According to the UN World Food Programme (WPF), 66% of Chadians live in severe poverty and one in three are in need of urgent humanitarian assistance. The oil-rich country ranked 187th out of 189 countries in the 2019 human development index.
In a briefing paper published this week, the WFP said levels of malnutrition were a concern. But there have been no reported disruptions to aid deliveries during lockdown.
“We only have one meal a day,” says Madina Abdullah, who helps her mother sell bakhoor (woodchip soaked in oils) at a N’Djamena market. “These days my daughters and I have to wait for my mother all day so that she could bring us some food from the market. We only have dinner.”

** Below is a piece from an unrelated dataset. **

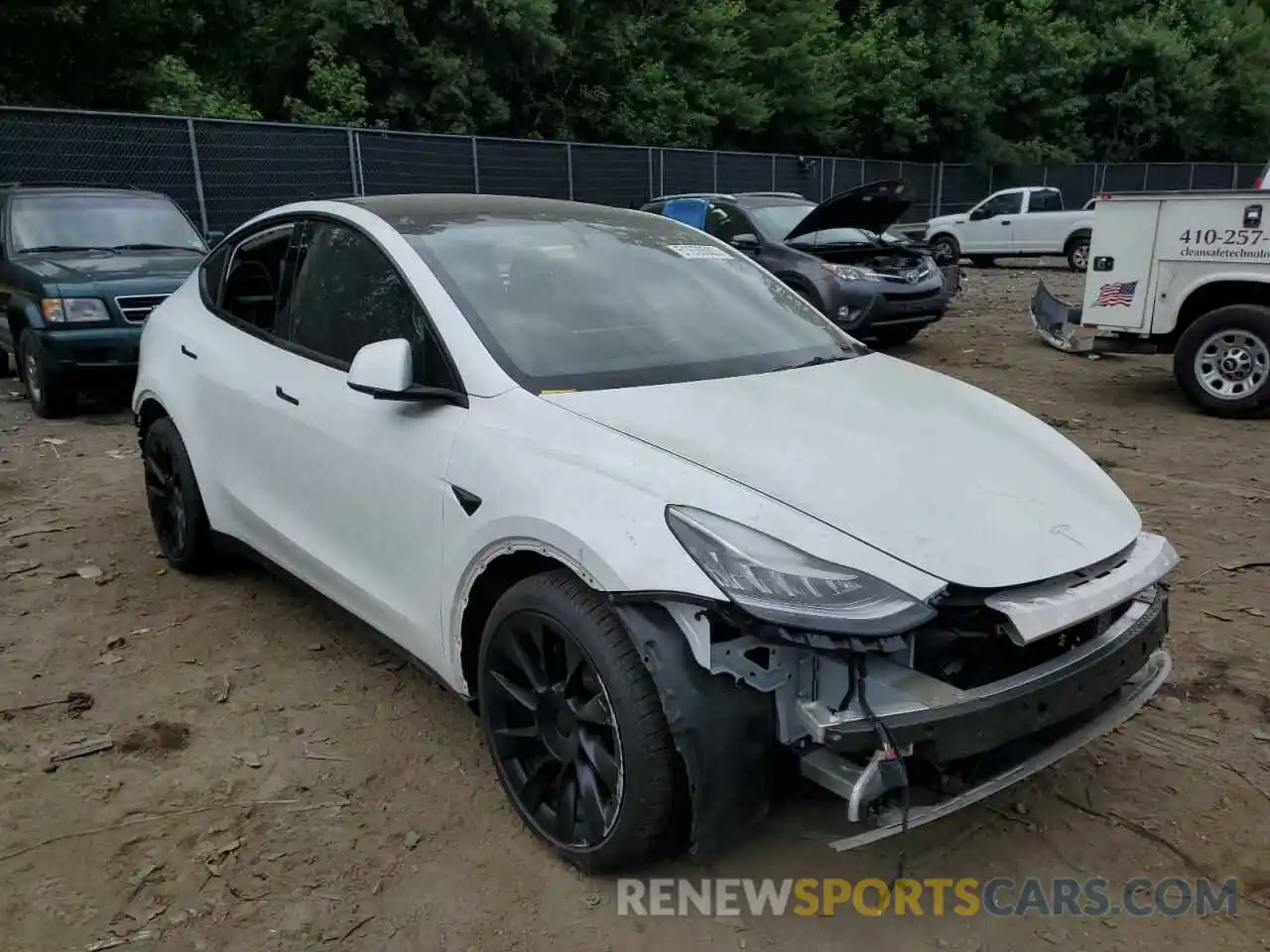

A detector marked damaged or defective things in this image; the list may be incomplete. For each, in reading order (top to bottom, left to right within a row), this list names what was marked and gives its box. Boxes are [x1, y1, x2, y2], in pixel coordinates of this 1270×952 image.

damaged front end [609, 533, 1173, 863]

Ahmed Osman, a father of four, who sells secondhand clothes, fears another lockdown. “There are not many buyers, we don’t sell much. Nobody wants to waste their money on clothes, people want to keep that for food, there might be another lockdown at any time. The government here does it without any warning.”
Opposition parties have accused the government of using lockdown to interfere with election campaigning ahead of the presidential vote scheduled for April.
Déby, who seized power in 1990, began his campaign rallies before the measures were introduced, visiting most of the main cities outside N’Djamena.
“He did his rallies and locked the city down to prevent us from doing the same thing,” says Yacine Sakin, a member of the Reformist party, part of an opposition coalition that aims to put forward a candidate in the election.
“The lockdown here is a totally political action. It is not about the coronavirus, the regime has no support from the public and they know that, and they simply want to restrict the freedom of movement of the people.”
It’s not just people living in the capital who have been hit by the lockdown. Chad is home to more than 478,000 refugees, the vast majority from Sudan, and is expecting an increase in refugees from Central African Republic following this month’s election violence.
A Sudanese refugee who has lived in eastern Chad since leaving Sudan in 2004 told the Guardian that he usually travels to N’Djamena regularly for medical checkups, but has been unable to make the journey because of the lockdown.
Haroun Yahya, a 41-year-old father of 14, was shot in Darfur by Janjaweed militia and has multiple leg injuries. “I used to travel to the capital regularly with the help of the UN to get treatment, now I have been depending on local medicines to ease my pain,” he says.